В тот же момент порывисто зашумел «москаль» – и чайки птицею понеслись по темной поверхности мрачной реки... Вот они уже против крепости... Со стен слышны неясные голоса... Испуганные коровы ревут за стенами.
Чайки уже миновали крепость.
– Ких-ких-ких! – не может удержаться Хома.
– Молчи, Хома, еще не дома, – предостерегают его.
– Вот так батько! Вот так старый Сагайдак!
– Нажимай, нажимай, братцы, чтоб весла трещали! Нажимай до живых печенок! «Або добути, або дома не бути!»
Чайки летели стрелою, далеко оставив за собою злополучный Кызы-кермен.
Уже к утру, достигнув лиманов, они остановились и попрятались в необозримых камышах, словно дикие утки. Тут, под защитою камышей, казаки дали себе роздых перед выступлением в открытое море. Место для стоянки и для отдыха было великолепное. На десятки верст тянулись камышевые заросли, в которых могло спрятаться целое войско и укрыться целый флот из мелких судов. Девственные камыши были так высоки, что среди них могли ходить гиганты и все-таки вершины красивого, стройного, гибкого очерета покрывали бы их с головою.
В камышах гнездились бесчисленными стаями водяные птицы – бакланы, цапли, гуси, утки, кулики, лысухи, дикие курочки, бугаи. От птичьих голосов над лиманами стон стоял. По временам над камышами проносилась словно буря: это пробегали стада чем-либо испуганных кабанов, которых на лиманах было великое множество.
Любили казаки вообще камыши, потому что среди камышей они прятались от «поганих бусурман» [Бусурман (басурман) – турок, татарин], среди камышей они охотились на птицу и зверя, среди камышей и рыбу ловили – одно из богатств их незатейливой жизни. Казак и в песне не забывал своих камышей, а дивчина, восхваляя своего милого, пела тоже про очерет:
Очерет-осока,
Чорні брови в козака.
Но зато в камышах водился и бич казака, который отравлял его работу, покой и сон, отравлял всю его жизнь в этой Палестине: бич этот – комар. Комары в лиманах среди камышей были истинным наказанием божиим, казнями египетскими, и народная поэзия, упоминая о горьких сторонах казацкой вольной жизни, упоминала и о комаре; каждому молодцу приходилось «козацьким білим тілом комapiв годувати».
В этих-то камышах и расположились запорожцы, благополучно проскользнувшие мимо Кызы-кермена. Кто уснул в лодках, кто на берегу, в камышах.
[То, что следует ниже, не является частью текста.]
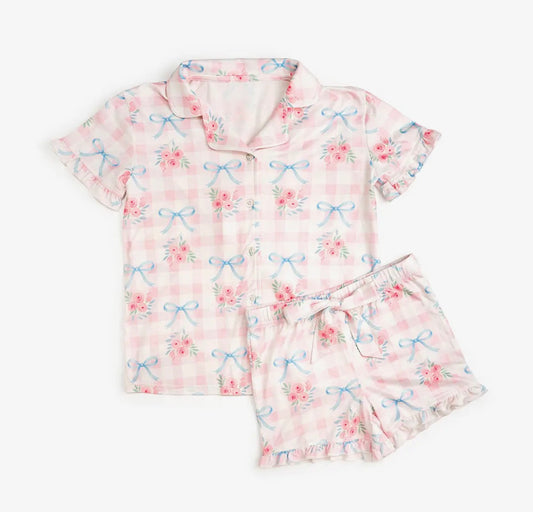 Sweet Wink | Gingham Trellis Girls Lounge Set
Часовые расположились на окраинах спящего войска, хотя тоже между травою, но на более возвышенных местах, откуда видны были и лиманы, и расстилавшиеся на необозримое пространство степи. Часовые располагались небольшими группами – по двое и по трое, что если один нечаянно вздремнет, то другой бы бодрствовал.
Вдруг где-то в траве или в камышах послышался крик перепела.
«Під-подьом, під-подьом!» – повторился он явственно снова.
«Сховав-сховав-сховав!» – откликнулся на это запорожец.
«Сховав-сховав-сховав!» – повторилось в разных местах.
Это осторожный Небаба проверял «варту» – часовых; для этого он, притаившись где-то в камышах, подражал крику перепела; ему таким же криком должны были отвечать часовые. Горе тому беспечному, который бы уснул и не откликнулся; его ждало жестокое наказание киями.